When BYU hailed their 1984 national championship, Utah fans clamored for the Cougars’ weak schedule.

When Utah advances in the Pac-12, BYU fans notice how weak the conference is.

When Zach Wilson wins the No. 2 overall pick in the 2021 NFL Draft, Ute fans attribute a pandemic-plagued season.

When Utah celebrates its first Pac-12 championship, BYU fans point out that the Cougars not only beat the Utes, but beat all five Pac-12 foes they faced in the 2021 season.

When Utah fans brag about finally reaching the Rose Bowl, Cougar fans note that Ohio State played without 24 scholarship players and still ran 683 yards on offense to win the game.

Back and forth. Back and forth.
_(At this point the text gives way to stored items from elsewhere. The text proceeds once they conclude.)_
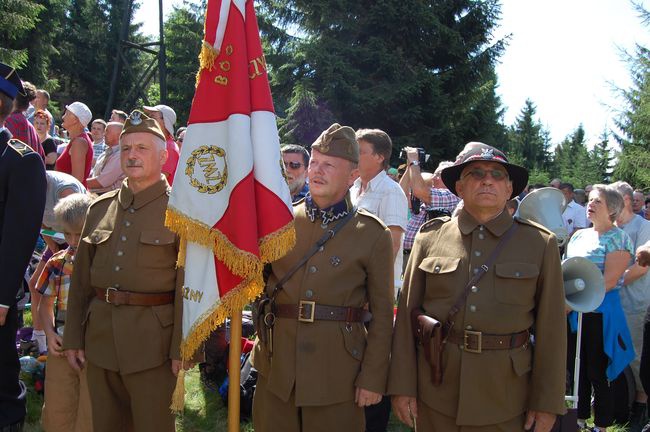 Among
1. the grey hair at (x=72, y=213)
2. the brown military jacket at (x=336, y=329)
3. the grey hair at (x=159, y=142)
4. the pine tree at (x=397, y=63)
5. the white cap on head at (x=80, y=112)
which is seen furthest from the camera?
the pine tree at (x=397, y=63)

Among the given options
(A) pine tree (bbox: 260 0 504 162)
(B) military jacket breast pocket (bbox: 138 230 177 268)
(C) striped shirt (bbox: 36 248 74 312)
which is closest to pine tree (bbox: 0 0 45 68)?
(A) pine tree (bbox: 260 0 504 162)

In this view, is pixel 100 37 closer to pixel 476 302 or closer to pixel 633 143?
pixel 633 143

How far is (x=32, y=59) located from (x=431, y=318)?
31.9 m

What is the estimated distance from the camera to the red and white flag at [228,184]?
9.92 ft

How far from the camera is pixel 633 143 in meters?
21.9

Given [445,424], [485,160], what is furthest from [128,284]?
[485,160]

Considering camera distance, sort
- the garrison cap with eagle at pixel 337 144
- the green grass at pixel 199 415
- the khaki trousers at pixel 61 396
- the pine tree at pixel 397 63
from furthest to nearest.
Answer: the pine tree at pixel 397 63, the green grass at pixel 199 415, the khaki trousers at pixel 61 396, the garrison cap with eagle at pixel 337 144

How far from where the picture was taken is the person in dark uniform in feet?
10.8

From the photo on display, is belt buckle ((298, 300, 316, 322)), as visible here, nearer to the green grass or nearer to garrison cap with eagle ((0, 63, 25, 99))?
the green grass

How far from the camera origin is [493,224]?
298cm

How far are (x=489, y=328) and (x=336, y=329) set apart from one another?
781 millimetres

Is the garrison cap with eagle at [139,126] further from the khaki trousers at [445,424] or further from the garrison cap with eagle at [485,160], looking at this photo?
the khaki trousers at [445,424]

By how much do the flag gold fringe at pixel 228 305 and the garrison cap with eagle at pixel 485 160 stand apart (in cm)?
122

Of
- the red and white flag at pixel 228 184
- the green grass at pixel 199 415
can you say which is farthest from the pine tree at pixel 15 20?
the red and white flag at pixel 228 184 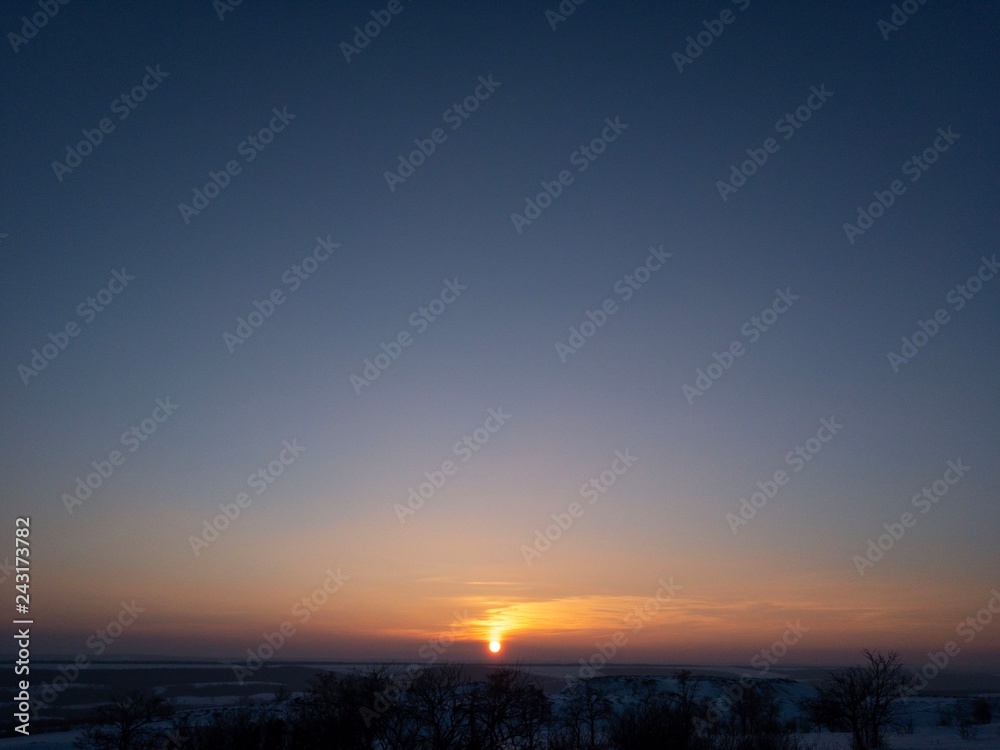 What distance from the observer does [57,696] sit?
156m

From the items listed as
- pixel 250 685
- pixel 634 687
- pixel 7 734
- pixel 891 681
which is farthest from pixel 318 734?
pixel 250 685

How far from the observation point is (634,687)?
8225cm

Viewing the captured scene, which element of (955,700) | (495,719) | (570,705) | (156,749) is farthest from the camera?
(955,700)

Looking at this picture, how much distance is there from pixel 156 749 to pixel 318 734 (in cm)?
980

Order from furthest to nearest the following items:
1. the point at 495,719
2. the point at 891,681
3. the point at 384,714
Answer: the point at 891,681 → the point at 384,714 → the point at 495,719

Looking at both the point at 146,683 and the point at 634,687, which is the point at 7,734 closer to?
the point at 634,687

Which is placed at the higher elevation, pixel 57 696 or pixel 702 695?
pixel 702 695

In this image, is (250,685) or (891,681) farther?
(250,685)

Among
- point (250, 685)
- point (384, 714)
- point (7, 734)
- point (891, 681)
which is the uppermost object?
point (384, 714)

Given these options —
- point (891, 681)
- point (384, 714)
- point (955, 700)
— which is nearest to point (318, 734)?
point (384, 714)

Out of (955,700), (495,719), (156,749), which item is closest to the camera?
(495,719)

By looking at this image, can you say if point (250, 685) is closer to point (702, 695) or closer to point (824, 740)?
point (702, 695)

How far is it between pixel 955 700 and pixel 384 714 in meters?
78.2

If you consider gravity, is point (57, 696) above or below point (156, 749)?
below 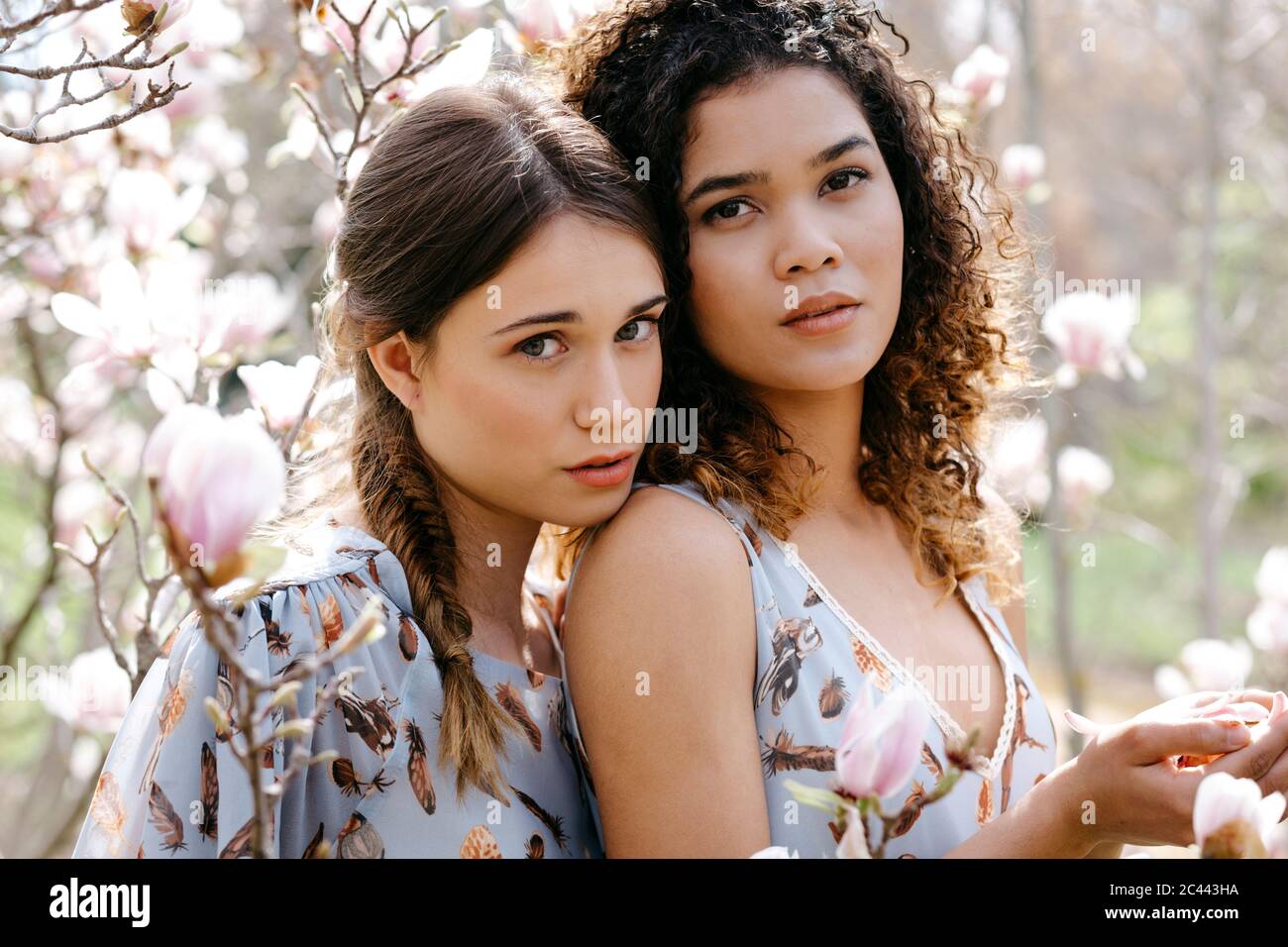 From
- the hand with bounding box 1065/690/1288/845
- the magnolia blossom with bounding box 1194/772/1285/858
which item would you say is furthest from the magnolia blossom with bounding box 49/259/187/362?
the magnolia blossom with bounding box 1194/772/1285/858

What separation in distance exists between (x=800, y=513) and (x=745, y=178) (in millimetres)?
410

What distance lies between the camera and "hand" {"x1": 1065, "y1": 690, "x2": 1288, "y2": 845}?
3.48ft

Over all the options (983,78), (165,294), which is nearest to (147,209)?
(165,294)

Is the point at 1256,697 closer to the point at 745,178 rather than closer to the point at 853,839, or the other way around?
the point at 853,839

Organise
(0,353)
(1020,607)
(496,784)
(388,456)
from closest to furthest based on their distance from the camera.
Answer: (496,784)
(388,456)
(1020,607)
(0,353)

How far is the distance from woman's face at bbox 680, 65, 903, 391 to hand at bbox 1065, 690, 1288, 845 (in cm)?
53

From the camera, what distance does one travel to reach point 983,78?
2070mm

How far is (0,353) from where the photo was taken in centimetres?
303

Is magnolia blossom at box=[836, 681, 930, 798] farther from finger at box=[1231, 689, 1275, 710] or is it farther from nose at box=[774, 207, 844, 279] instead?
nose at box=[774, 207, 844, 279] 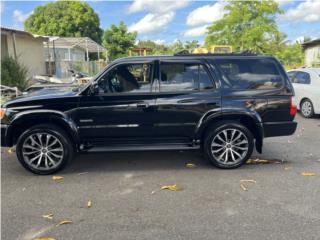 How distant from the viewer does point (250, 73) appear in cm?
521

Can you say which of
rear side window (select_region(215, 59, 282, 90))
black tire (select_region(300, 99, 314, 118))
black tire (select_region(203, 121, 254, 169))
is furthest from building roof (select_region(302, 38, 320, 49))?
black tire (select_region(203, 121, 254, 169))

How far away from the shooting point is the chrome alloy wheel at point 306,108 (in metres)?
9.59

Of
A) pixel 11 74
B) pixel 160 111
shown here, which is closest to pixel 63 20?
pixel 11 74

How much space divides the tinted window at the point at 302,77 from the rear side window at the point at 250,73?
17.0 feet

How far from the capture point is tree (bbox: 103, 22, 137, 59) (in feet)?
111

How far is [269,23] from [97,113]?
2402cm

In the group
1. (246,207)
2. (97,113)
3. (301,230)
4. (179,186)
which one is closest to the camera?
(301,230)

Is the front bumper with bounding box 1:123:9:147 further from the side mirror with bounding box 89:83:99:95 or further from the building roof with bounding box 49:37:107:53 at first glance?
the building roof with bounding box 49:37:107:53

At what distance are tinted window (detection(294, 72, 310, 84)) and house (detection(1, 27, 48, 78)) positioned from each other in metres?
12.1

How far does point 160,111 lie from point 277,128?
6.16ft

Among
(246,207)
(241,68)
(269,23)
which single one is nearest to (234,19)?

No matter the year or the success, or the insecurities, BYU and Utah fans will always go back and forth.

Now that the two programs seem destined to be back under the same roof, the debate over whether they should face off each year on Thanksgiving weekend should be a moot point. Despite their best efforts, the Cougars and Utes could be back together — almost like they were meant to be.

To quote my mother, and just about every mother who raised boys at home – “stop fighting your brother and play nice!”

Like the pioneer trek across the plains led by Brigham Young, the road has not been easy to get here. Still, the famous saying of the founder of both universities certainly fits the moment – for BYU and Utah, the Big 12 “is the right place.”

The deal isn’t done, but if it does, imagine the mega battles to come as the Cougars and Utes fight for more than bragging rights. A match at the end of November for the Big 12 championship? It’s a far cry from their rivalry in the WAC, Mountain West and whatever we call it for the past 12 years.

Yes, despite their best efforts, BYU and Utah could get back together — a notion that once seemed as far-fetched as USC and UCLA leaving the Pac-12 for the Big Ten.

Dave McCann is a contributor to Deseret News and is the studio host for “After Further Review”, co-host of “Countdown to Kickoff” and the “Postgame Show”, and play-by-play announcer for BYUtv.

Utah safety Brandon McKinney (28) and linebacker Hayden Furey pressure BYU quarterback Jaren Hall at LaVell Edwards Stadium in Provo on Saturday, September 11, 2021.